## [Instructions to follow]
Each line below from the line with "Restaurant El Greco" to the line with "Product 15637856649546 - close_up_detail" must be copied exactly, including those two, and no picture may appear in the copy.

## [Available data]
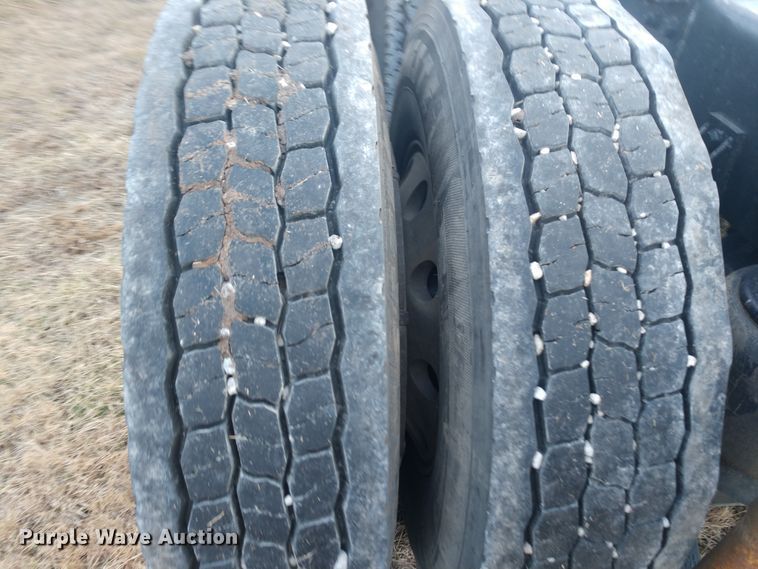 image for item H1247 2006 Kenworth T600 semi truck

--

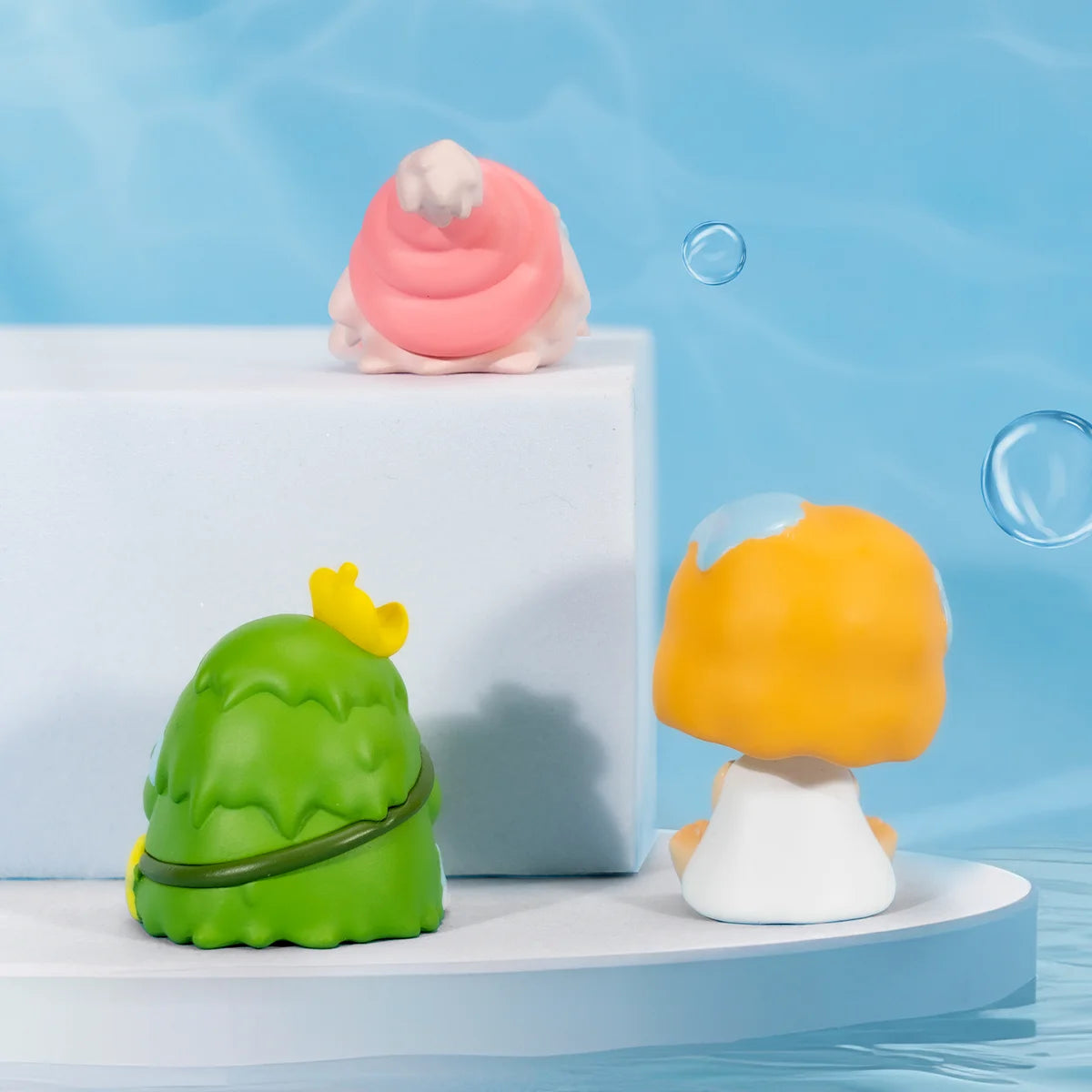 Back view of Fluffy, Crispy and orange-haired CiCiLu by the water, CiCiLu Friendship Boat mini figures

---

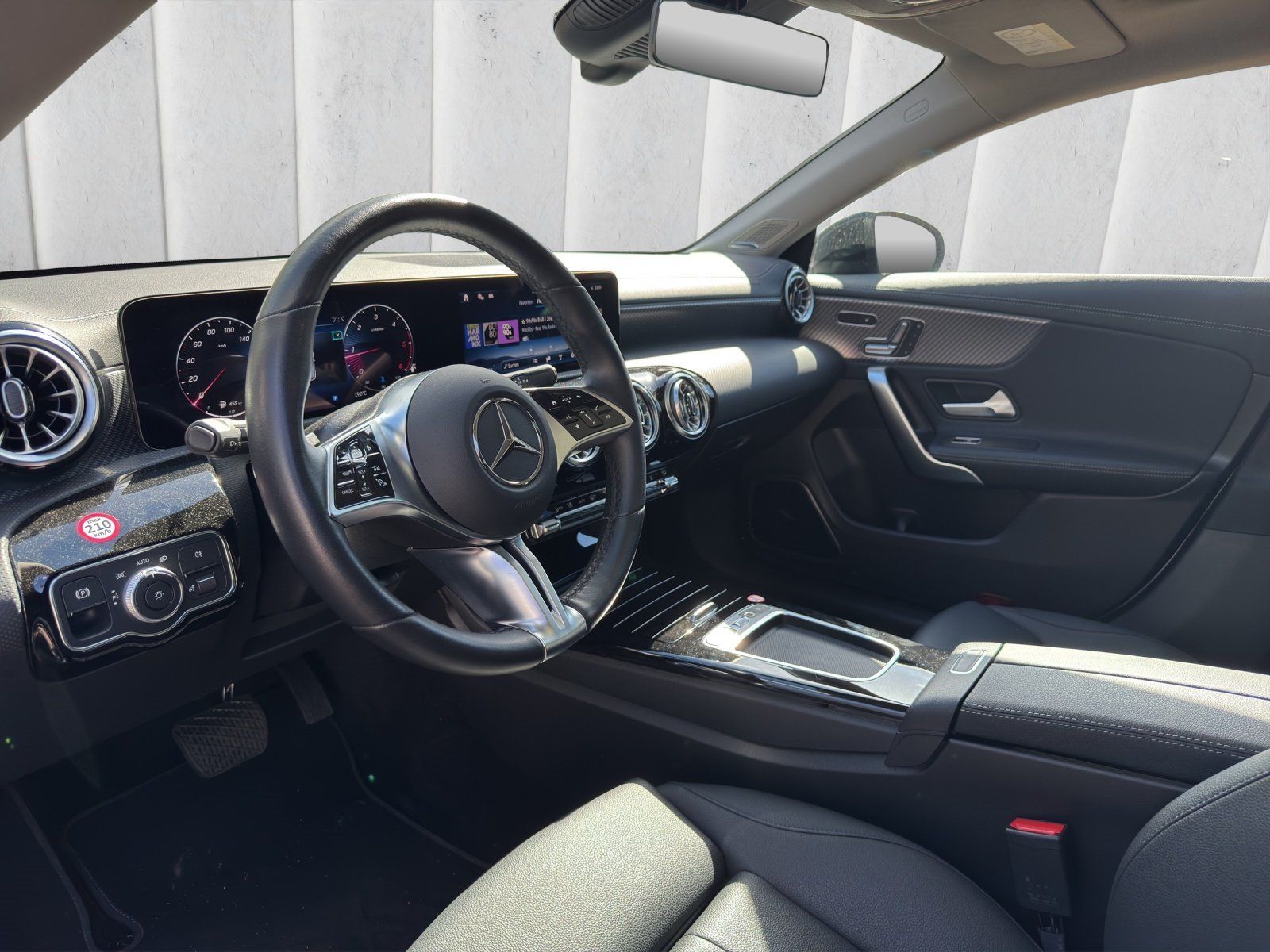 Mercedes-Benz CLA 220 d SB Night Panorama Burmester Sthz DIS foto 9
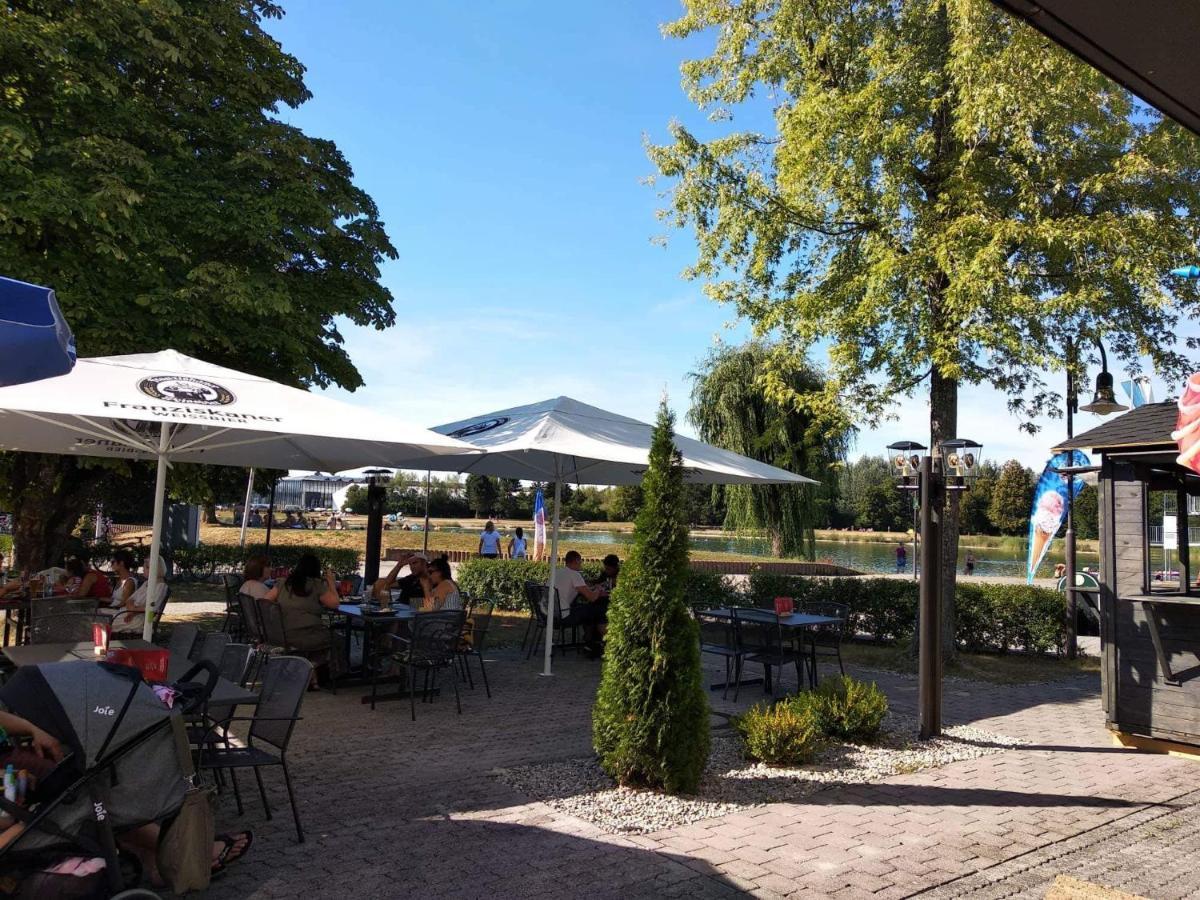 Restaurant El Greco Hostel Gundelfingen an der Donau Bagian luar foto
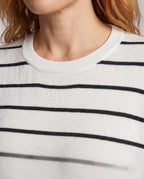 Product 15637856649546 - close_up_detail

## [Output for this exercise]
 Restaurant El Greco Hostel Gundelfingen an der Donau Bagian luar foto
 Product 15637856649546 - close_up_detail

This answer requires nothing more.